Ob im Sinn von § 80 Abs. 7 Satz 2 VwGO die Änderung der im Eilrechtsschutzverfahren getroffenen vorläufigen Entscheidung geboten ist, ist anhand desselben Entscheidungsrahmens zu beurteilen, der auch für den Eilrechtsschutz nach § 80 Abs. 5 VwGO gilt. Gebildet wird dieser Rahmen von den Erfolgsaussichten des Anfechtungsrechtsbehelfs und von der Abwägung der Vor- und Nachteile für die betroffenen Rechtsgüter der Beteiligten für den Fall, dass sich die im Eilrechtsschutzverfahren getroffene tatsächliche und/oder rechtliche Bewertung später im Klageverfahren als unzutreffend erweisen sollte (Interessenabwägung); diese Abwägung trifft das Gericht eigenständig und originär nach der im Entscheidungszeitpunkt maßgeblichen Sach- und Rechtslage.

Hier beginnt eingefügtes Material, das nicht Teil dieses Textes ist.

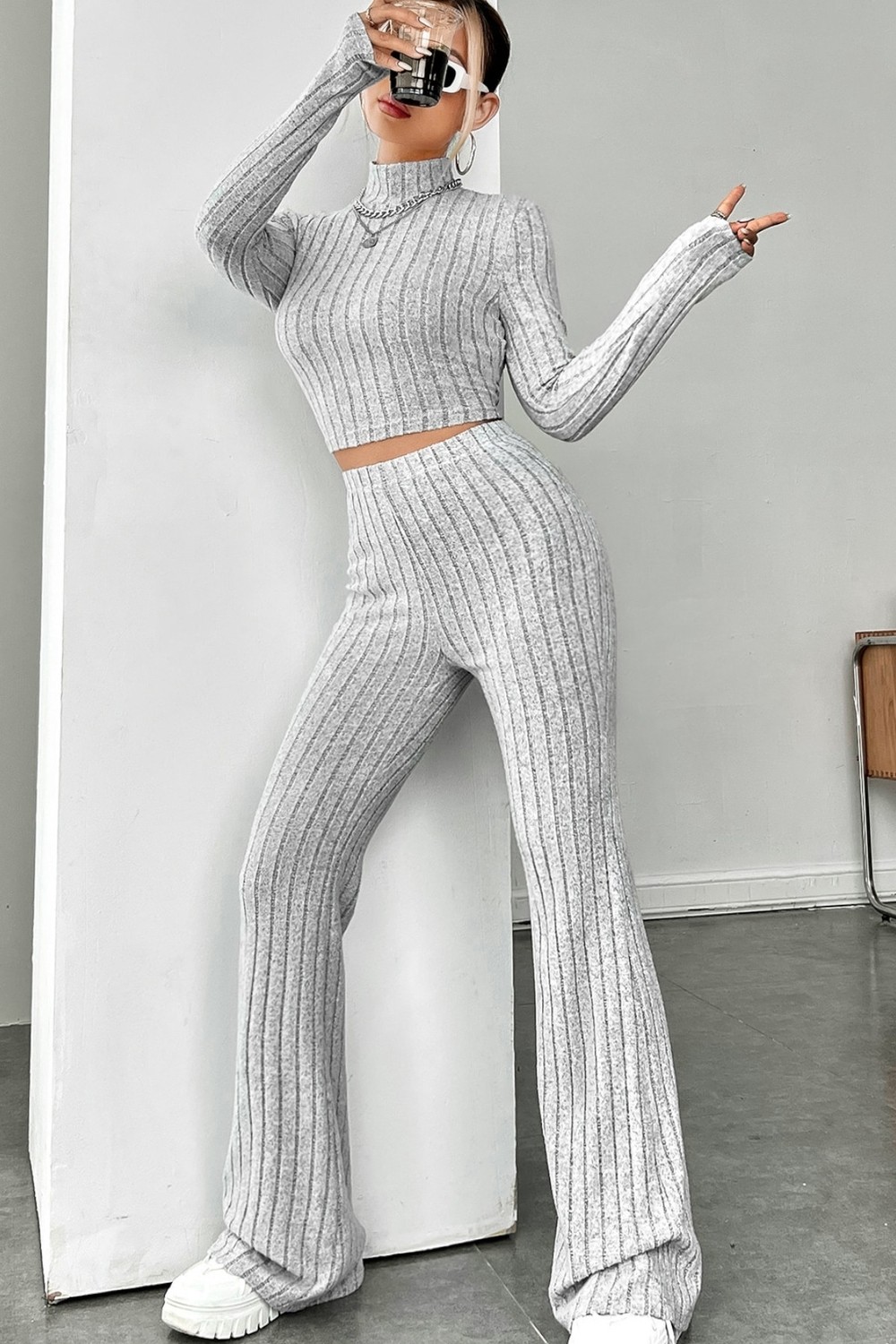 Fantastik Store Kadın Gri Çizgili Boğazlı Crop Top ve Yüksek Bel Pantolon Takım görsel 3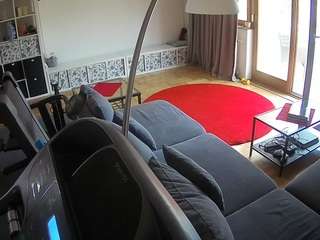 voyeurcam-julmodels-living-4 webcam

Eine im Sinn des § 80 Abs. 7 Satz 2 VwGO maßgebliche Änderung der Umstände ist vorliegend infolge des Ergänzungsbescheids des Landratsamts vom 26.07.2016 eingetreten. Die ursprünglichen Bedenken gegen die hinreichende inhaltliche Bestimmtheit (Art. 37 Abs. 1 BayVwVfG) der Genehmigung vom 02.02.2016 bestehen nicht (mehr).
Streitgegenständlich ist nunmehr der Bescheid vom … in der Fassung, die er (neben dem Änderungsbescheid vom …) durch den Ergänzungsbescheid vom … erhalten hat. Mit diesem Bescheid hat das Landratsamt die von den Abweichungen betroffenen Grundstücke und das Ausmaß der zugelassenen Abweichungen genau bezeichnet (Nr. 2 des Bescheidstenors vom 26.07.2016). Es hat unter der Nr. 1 des Bescheidstenors vom … die Abstandsflächenpläne und das Anliegerverzeichnis beigefügt.
Als unterlegener Beteiligter hat der Antragsteller nach § 154 Abs. 1 VwGO die Kosten der Verfahren zu tragen. Da der Antragsteller trotz richterlichen Hinweises keine Erledigungserklärung abgegeben hat, trägt der Antragsteller nunmehr wegen der nachgebesserten Abweichungsentscheidung insgesamt die Kosten des Verfahrens. Nachdem die Beigeladene mit der Stellung eines Sachantrages nach § 154 Abs. 3 VwGO ein Kostenrisiko eingegangen ist, entspricht es nach § 162 Abs. 3 VwGO der Billigkeit, dem Antragsteller auch die außergerichtlichen Kosten der Beigeladenen aufzuerlegen.
Wegen der Einheitlichkeit des Verfahrens nach § 80 Abs. 5 und 7 VwGO bedarf es neben der weitergeltenden Streitwertfestsetzung im Beschluss vom 05.07.2016 keiner neuen Streitwertfestsetzung.